*DESCRIPTION OF THE TASK*: Produce a faithful copy of every record below, without the pictures.

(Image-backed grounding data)
▽

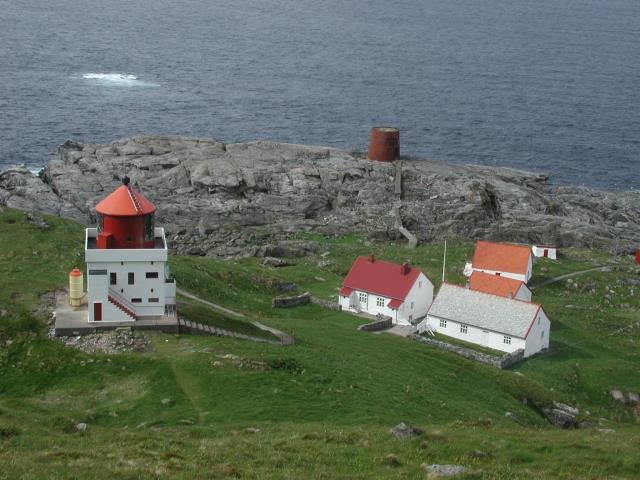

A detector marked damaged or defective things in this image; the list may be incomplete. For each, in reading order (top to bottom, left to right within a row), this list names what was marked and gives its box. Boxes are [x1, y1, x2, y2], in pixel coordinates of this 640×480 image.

rusty cylindrical tank [368, 126, 398, 162]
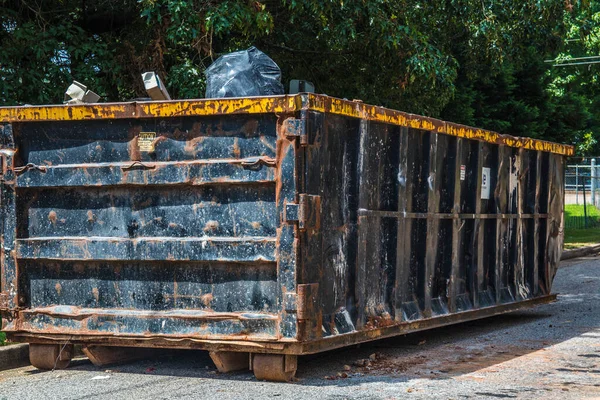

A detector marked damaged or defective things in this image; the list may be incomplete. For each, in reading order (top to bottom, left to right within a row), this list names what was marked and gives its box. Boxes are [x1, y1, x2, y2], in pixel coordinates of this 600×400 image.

rusty dumpster [0, 94, 572, 382]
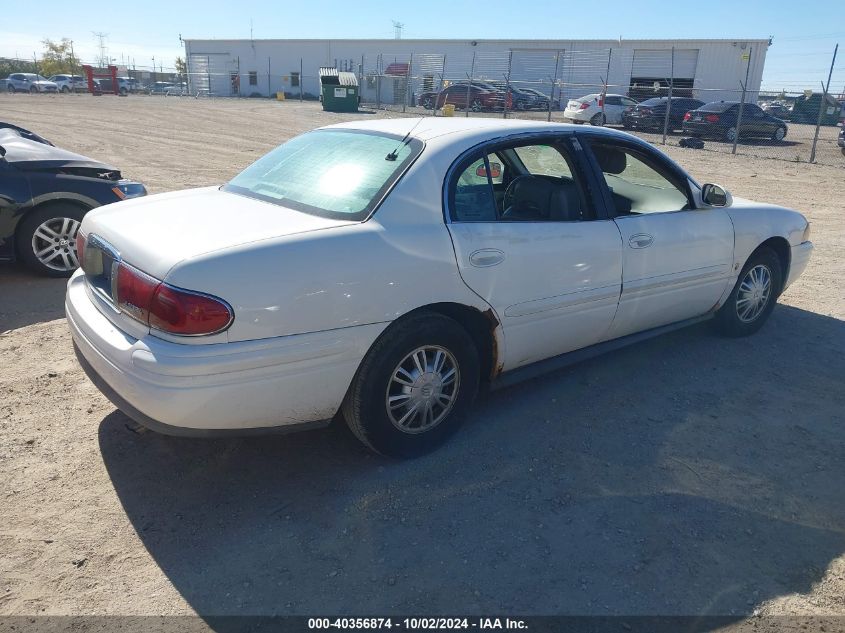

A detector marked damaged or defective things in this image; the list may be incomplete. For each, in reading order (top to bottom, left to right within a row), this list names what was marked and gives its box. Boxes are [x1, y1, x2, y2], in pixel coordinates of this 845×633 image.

rust damage [482, 308, 502, 378]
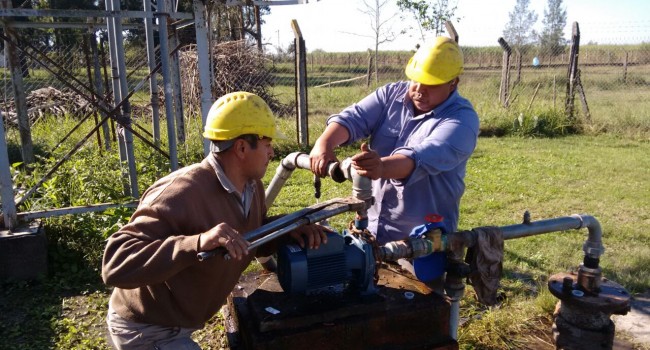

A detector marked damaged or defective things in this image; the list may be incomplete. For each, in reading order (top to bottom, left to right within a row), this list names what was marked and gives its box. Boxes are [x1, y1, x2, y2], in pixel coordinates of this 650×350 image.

rusty metal base [225, 264, 458, 348]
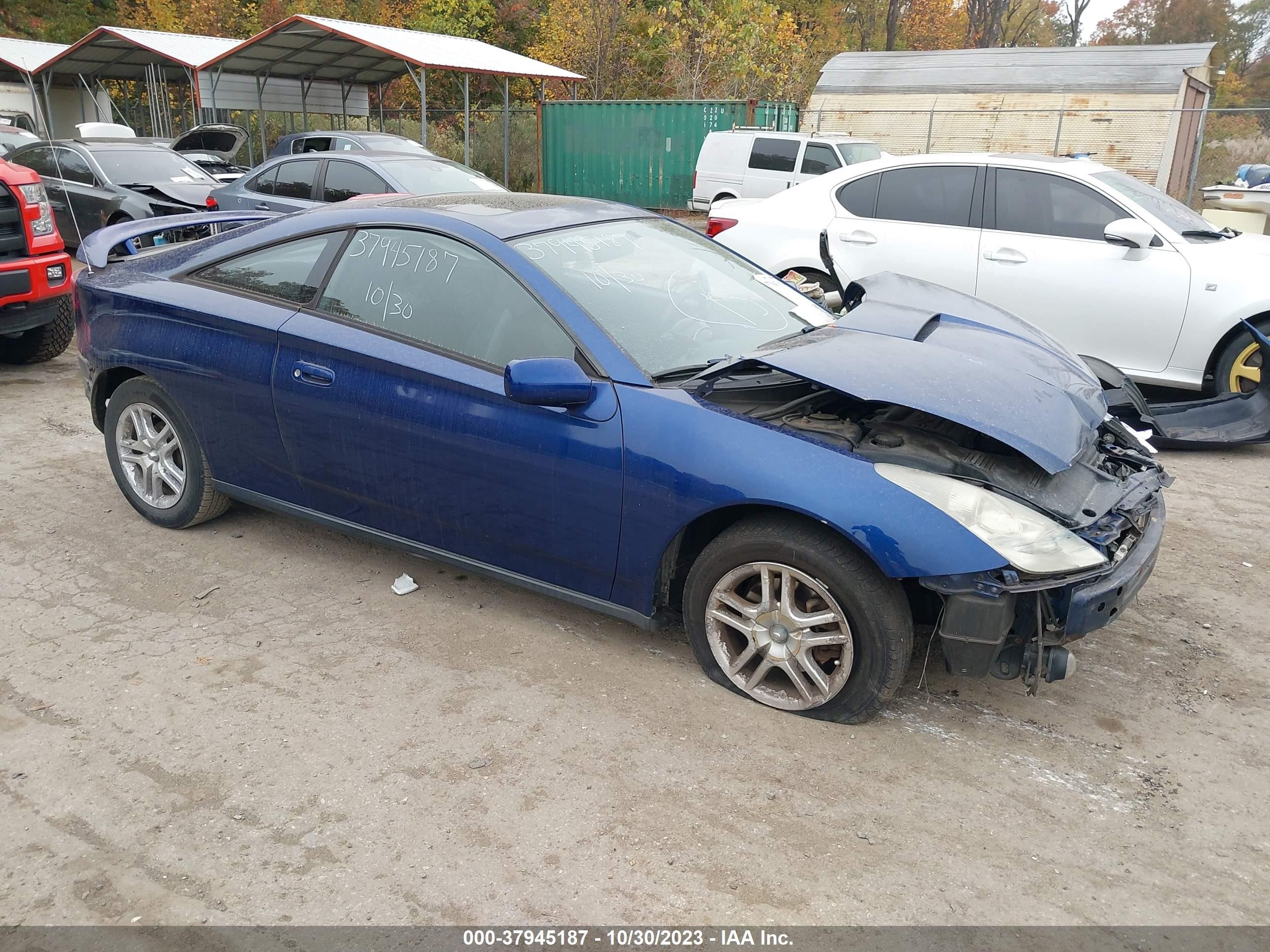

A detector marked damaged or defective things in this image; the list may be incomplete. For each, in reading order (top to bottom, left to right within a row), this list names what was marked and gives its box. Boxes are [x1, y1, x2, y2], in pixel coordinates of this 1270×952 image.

crumpled hood [749, 272, 1104, 473]
damaged headlight [880, 463, 1104, 576]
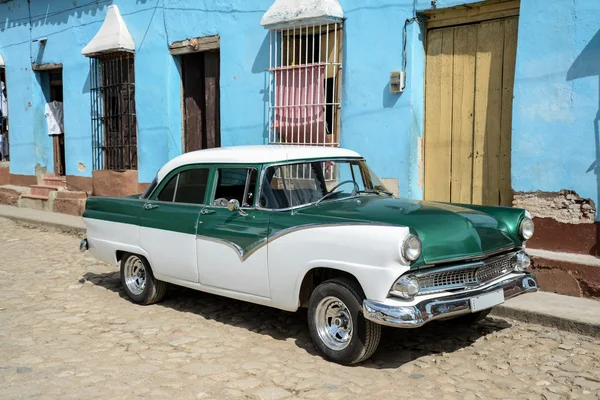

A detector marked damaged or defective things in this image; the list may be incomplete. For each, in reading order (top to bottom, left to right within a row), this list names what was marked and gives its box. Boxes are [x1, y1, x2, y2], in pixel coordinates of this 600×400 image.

peeling paint wall [512, 191, 596, 225]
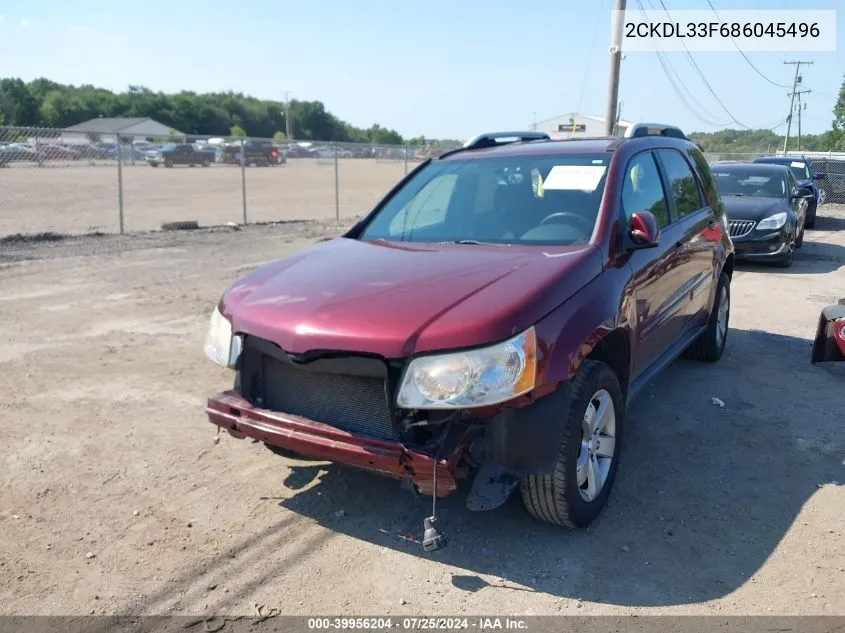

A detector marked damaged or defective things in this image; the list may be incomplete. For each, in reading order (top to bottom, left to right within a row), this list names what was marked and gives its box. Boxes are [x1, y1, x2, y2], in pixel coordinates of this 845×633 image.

crumpled front bumper [205, 388, 458, 496]
damaged red suv [204, 124, 732, 544]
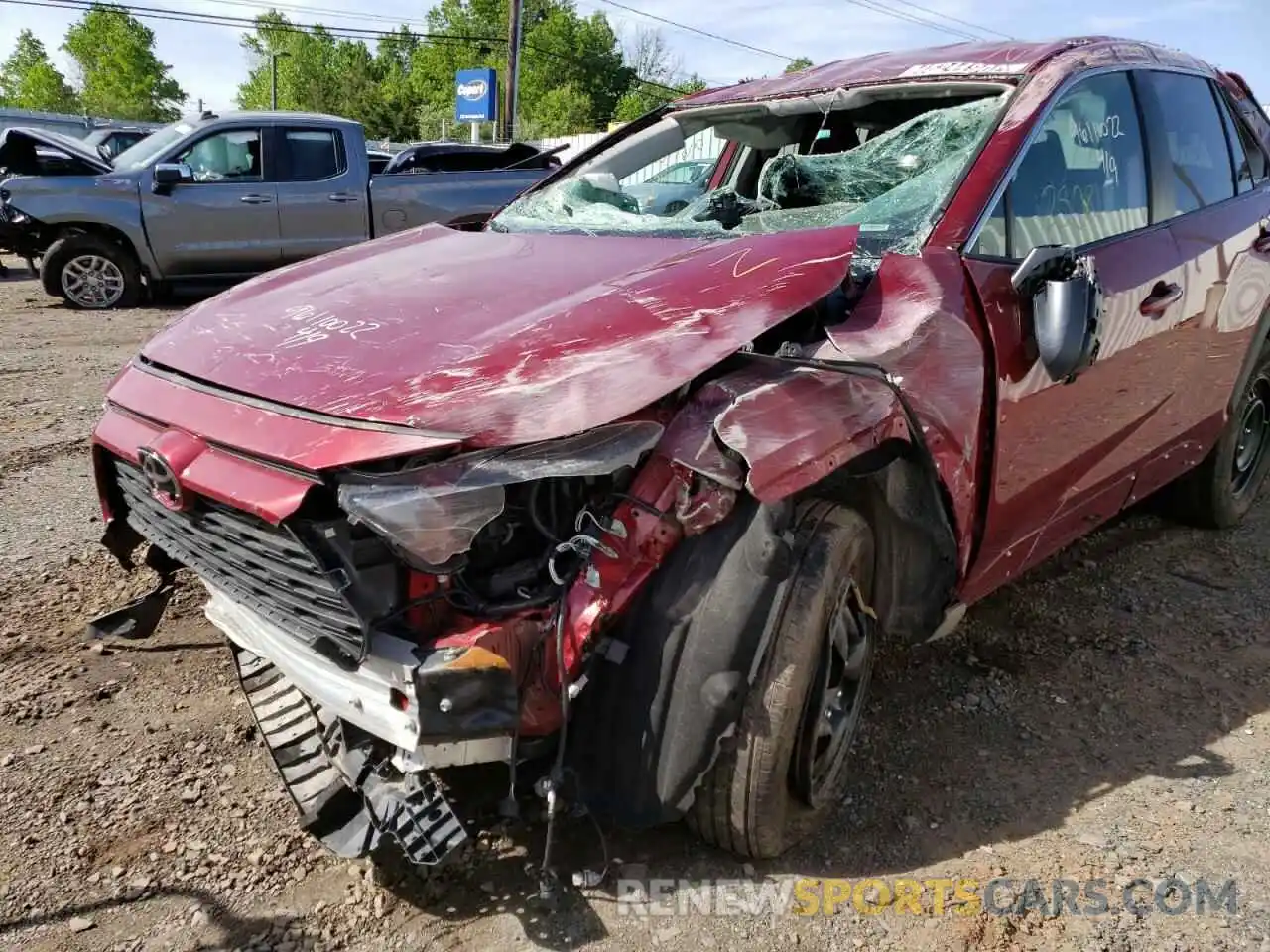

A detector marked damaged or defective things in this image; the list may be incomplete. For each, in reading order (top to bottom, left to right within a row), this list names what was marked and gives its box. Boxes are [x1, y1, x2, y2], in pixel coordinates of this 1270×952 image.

shattered windshield [490, 93, 1005, 257]
crumpled hood [139, 223, 858, 446]
broken plastic trim [334, 423, 665, 571]
broken headlight [337, 423, 665, 571]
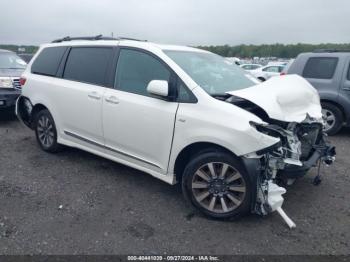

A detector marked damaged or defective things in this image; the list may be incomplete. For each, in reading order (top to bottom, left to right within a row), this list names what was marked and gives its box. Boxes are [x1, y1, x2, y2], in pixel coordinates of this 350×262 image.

crumpled hood [227, 73, 322, 123]
severe front damage [227, 75, 336, 227]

△

*COMPLETED EXERCISE*:
A detector marked damaged or defective things in this image; the list may be incomplete. For each, in reading order (top to bottom, left to right within a row), this list names what was marked and gives its box. Boxes are [x1, y1, x2, y2], in pixel coordinates of this 640×480 image.

rusty cylindrical tank [368, 126, 398, 162]

A detector marked damaged or defective things in this image; the list may be incomplete. For each, in reading order (top to bottom, left to right within a row), this list names what was marked and gives its box. Boxes are [x1, y1, x2, y2], in pixel coordinates of this 600×400 image.

rusty dumpster [0, 94, 572, 382]

A detector marked damaged or defective things in this image; the list may be incomplete. For each, in reading order (top to bottom, left to right within a row), this list names what was marked and gives its box. Boxes are [x1, y1, x2, y2], in pixel coordinates of this 845×633 image.

rust damage [482, 308, 502, 378]

A detector marked damaged or defective things in this image; the list may be incomplete. For each, in reading order (top to bottom, left to right within a row), this list names what was marked and gives its box. Boxes are [x1, y1, x2, y2], in pixel coordinates of this 650×350 image.

rusty metal base [225, 264, 458, 348]

A detector marked damaged or defective things in this image; the list may be incomplete. For each, in reading order (top to bottom, left to right within a row), this list names what was marked and gives its box. Boxes are [x1, y1, x2, y2], in pixel coordinates of this 1270×952 image.

crumpled hood [749, 272, 1104, 473]
damaged headlight [880, 463, 1104, 576]

A detector marked damaged or defective things in this image; the list may be incomplete. For each, in reading order (top to bottom, left to right within a row), this list names what was marked and gives its box. Boxes are [x1, y1, x2, y2], in pixel coordinates of this 600×400 image.

peeling paint wall [512, 191, 596, 225]

A detector marked damaged or defective things in this image; the list may be incomplete. For each, in reading order (top to bottom, left to right within a row), this list names what was marked and gives its box. Boxes are [x1, y1, x2, y2], in pixel coordinates of this 845×633 image.

crumpled front bumper [205, 388, 458, 496]
damaged red suv [204, 124, 732, 544]

A detector marked damaged or defective things in this image; the list may be incomplete. For each, in reading order (top to bottom, left to right within a row), this list names what was marked and gives its box. Boxes are [x1, y1, x2, y2], in pixel coordinates of this 1270×952 image.

shattered windshield [490, 93, 1005, 257]
crumpled hood [139, 223, 858, 446]
broken plastic trim [334, 423, 665, 571]
broken headlight [337, 423, 665, 571]

A detector marked damaged or defective things in this image; the list may be incomplete. For each, in reading order (top to bottom, left to right within a row), this list names what was marked and gives its box. Boxes are [x1, y1, x2, y2], in pixel coordinates of this 350×262 image.

crumpled hood [227, 73, 322, 123]
severe front damage [227, 75, 336, 227]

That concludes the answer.